Instructions to follow | Give back exactly the lines from the one that holds "Mid-Century Cast Owl Wall Hangings - a Pair" through the final line of the data; omit the pictures and add nothing.

Available data |

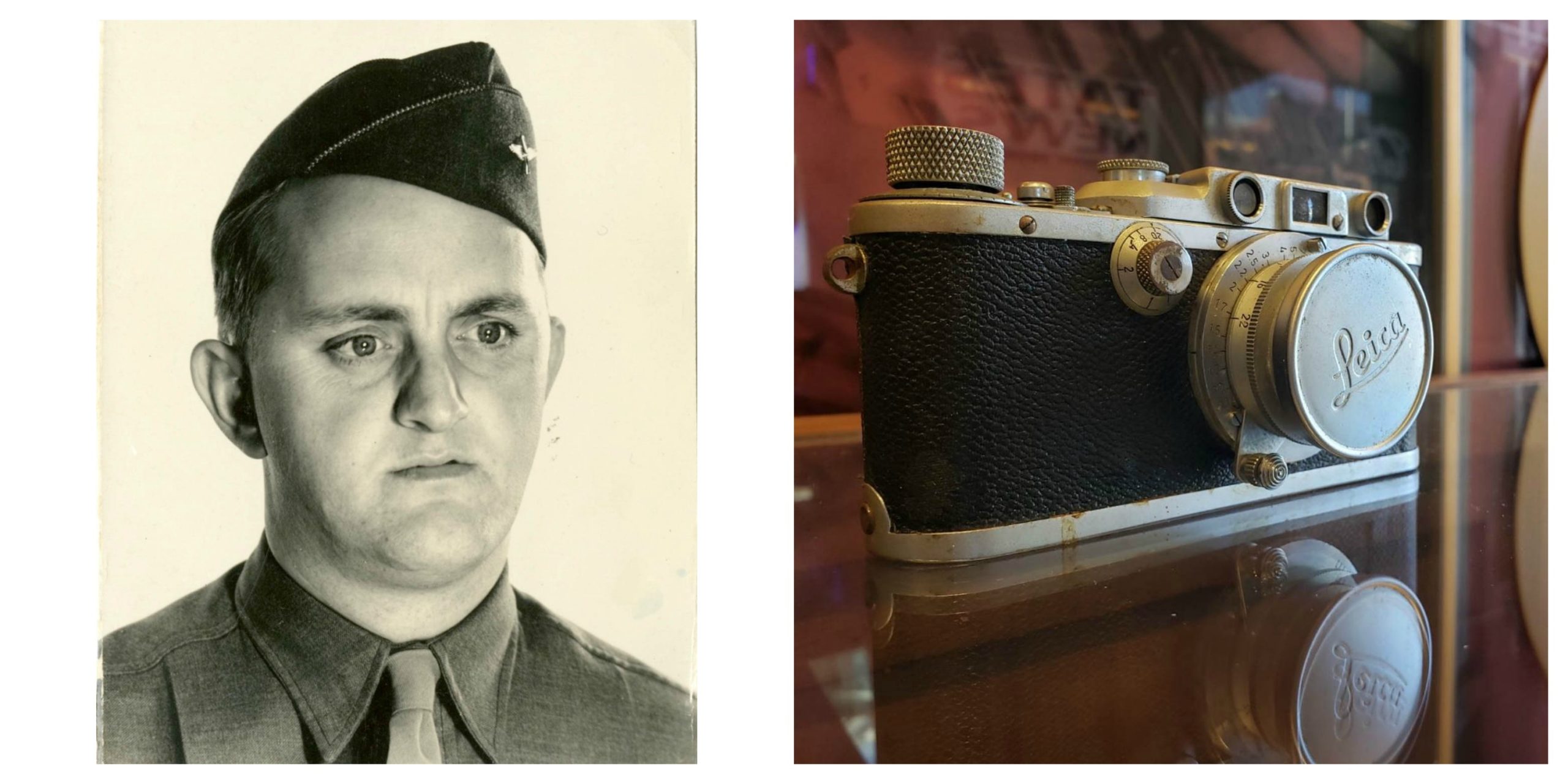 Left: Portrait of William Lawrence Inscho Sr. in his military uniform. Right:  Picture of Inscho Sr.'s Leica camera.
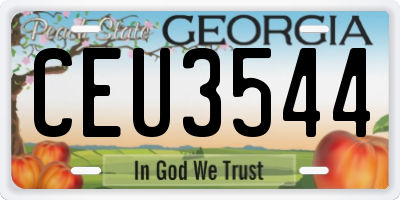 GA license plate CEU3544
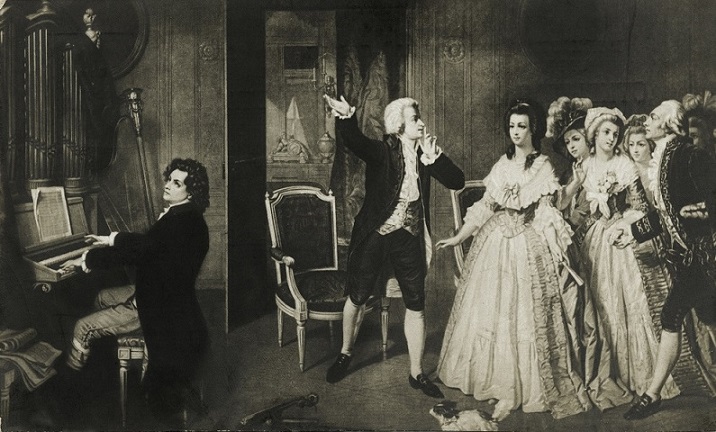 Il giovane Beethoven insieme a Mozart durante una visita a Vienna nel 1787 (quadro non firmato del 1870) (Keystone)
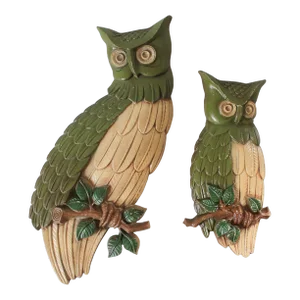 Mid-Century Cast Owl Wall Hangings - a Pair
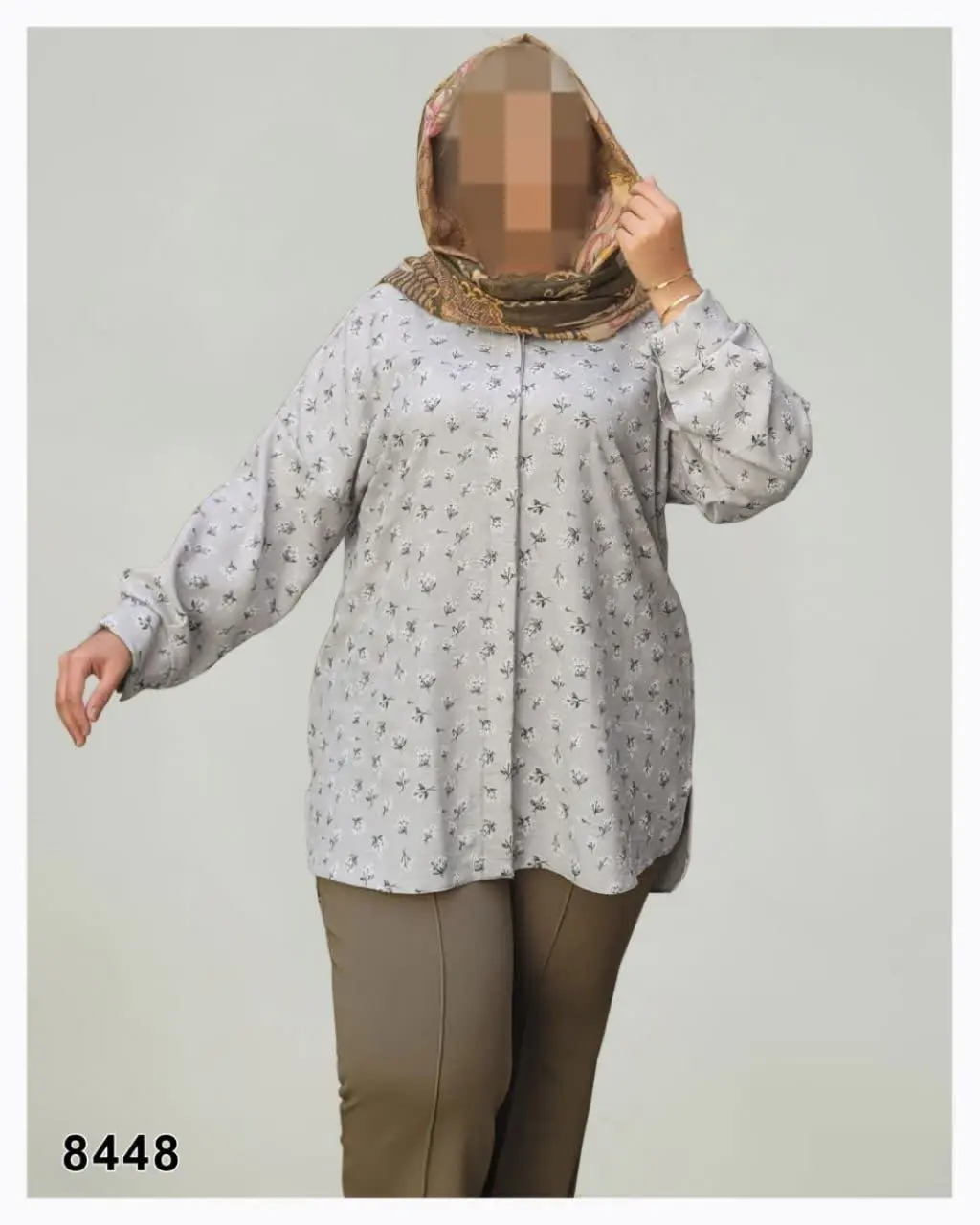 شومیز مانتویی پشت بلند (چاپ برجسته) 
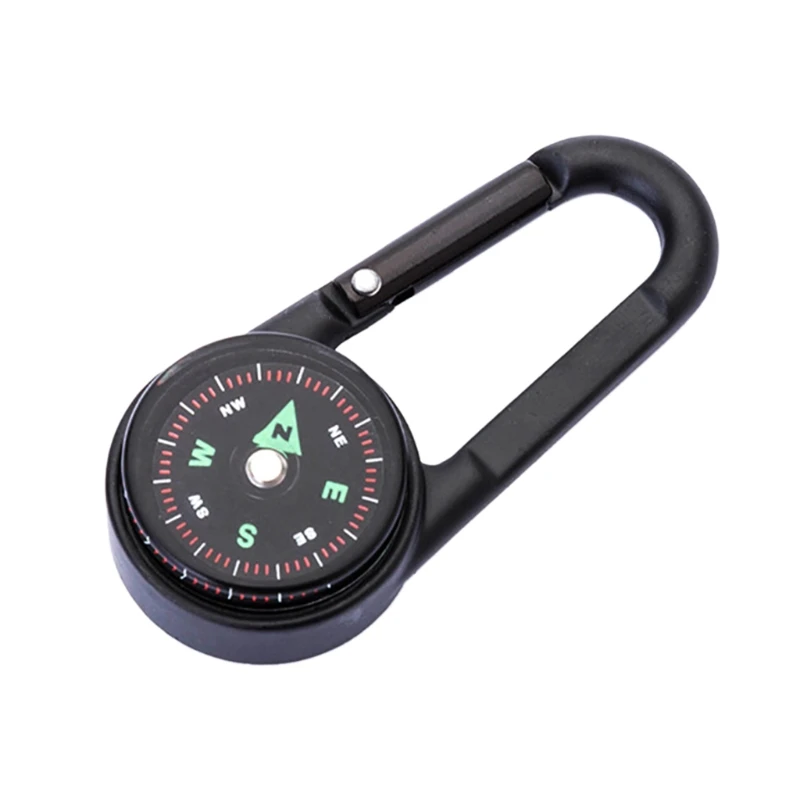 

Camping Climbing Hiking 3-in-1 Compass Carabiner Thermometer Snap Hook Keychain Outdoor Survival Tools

Answer box |
 Mid-Century Cast Owl Wall Hangings - a Pair
 شومیز مانتویی پشت بلند (چاپ برجسته) 

Camping Climbing Hiking 3-in-1 Compass Carabiner Thermometer Snap Hook Keychain Outdoor Survival Tools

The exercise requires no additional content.